-- Records to use --

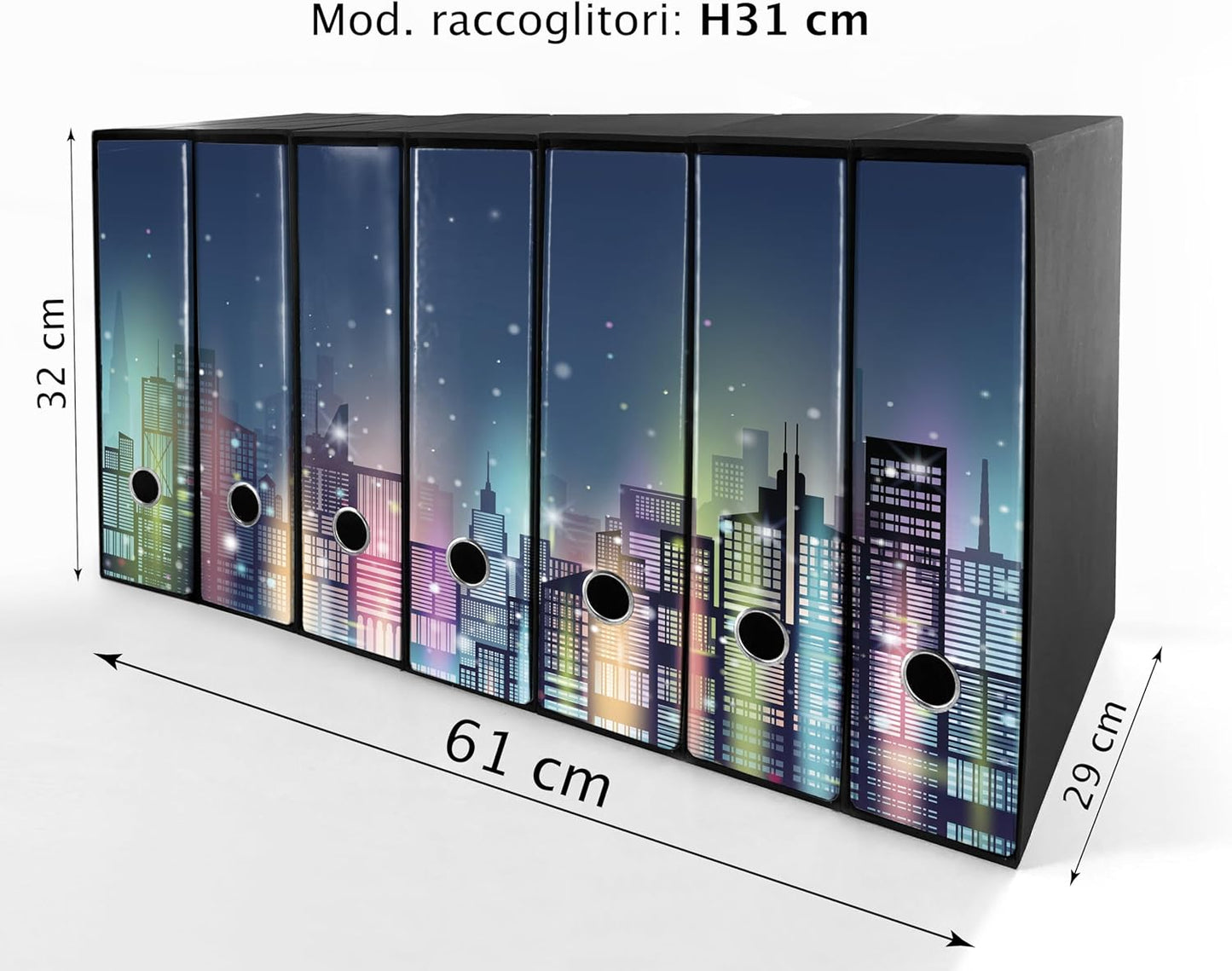 Set da 7 raccoglitori ad anelli CITTA DI NOTTE - Faldoni SHAREPRINTING (H31 con 2 anelli)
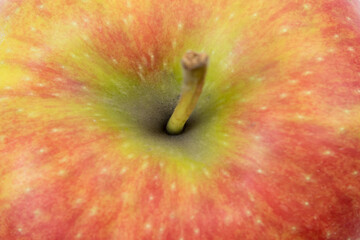 Fresh red apple, close-up. From top view.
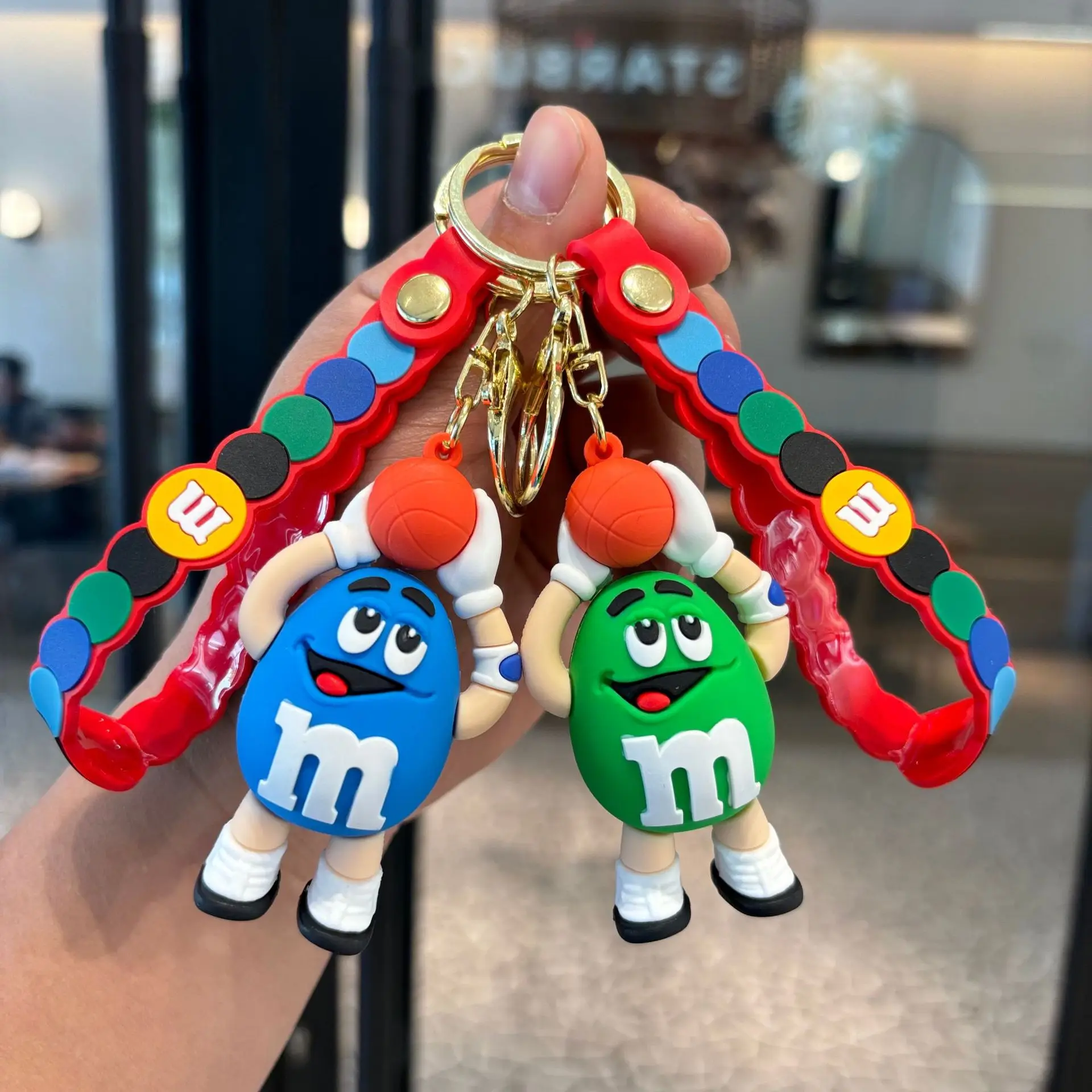 

Creative Fashion Chocolate M Bean Keychain Pendant Cartoon Car Key Pendant Luggage Accessories Women's Gifts Children's Toys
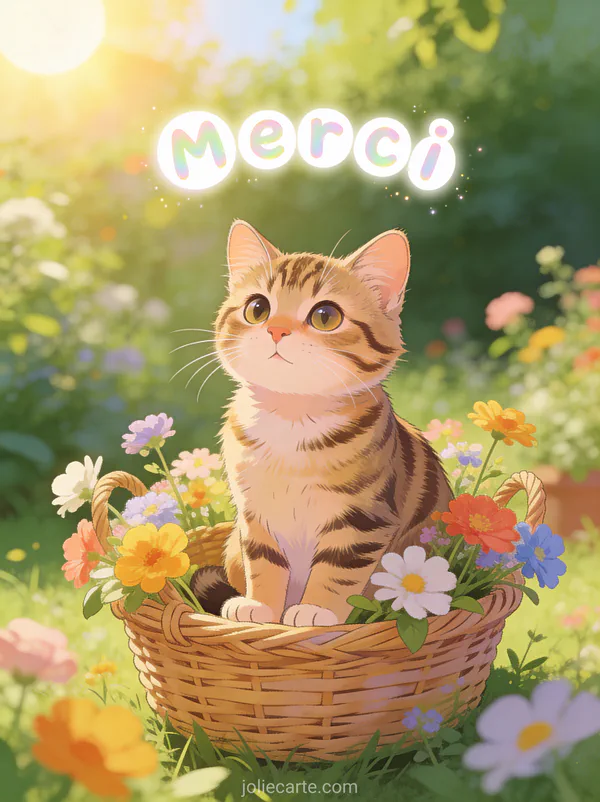 Chat tigré assis dans un panier en osier entouré de fleurs d'été colorées avec un regard tendre et le texte Merci en lettres blanches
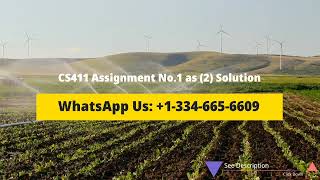 CS411 Assignment No 1 Solution 2022 | CS411 Assignment 1 Solution Spring 2022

-- Task to carry out --
Leave out the pictures. Return exactly the lines from the first line of the records to the line bearing "Creative Fashion Chocolate", inclusive.

-- Task answer --
 Set da 7 raccoglitori ad anelli CITTA DI NOTTE - Faldoni SHAREPRINTING (H31 con 2 anelli)
 Fresh red apple, close-up. From top view.

Creative Fashion Chocolate M Bean Keychain Pendant Cartoon Car Key Pendant Luggage Accessories Women's Gifts Children's Toys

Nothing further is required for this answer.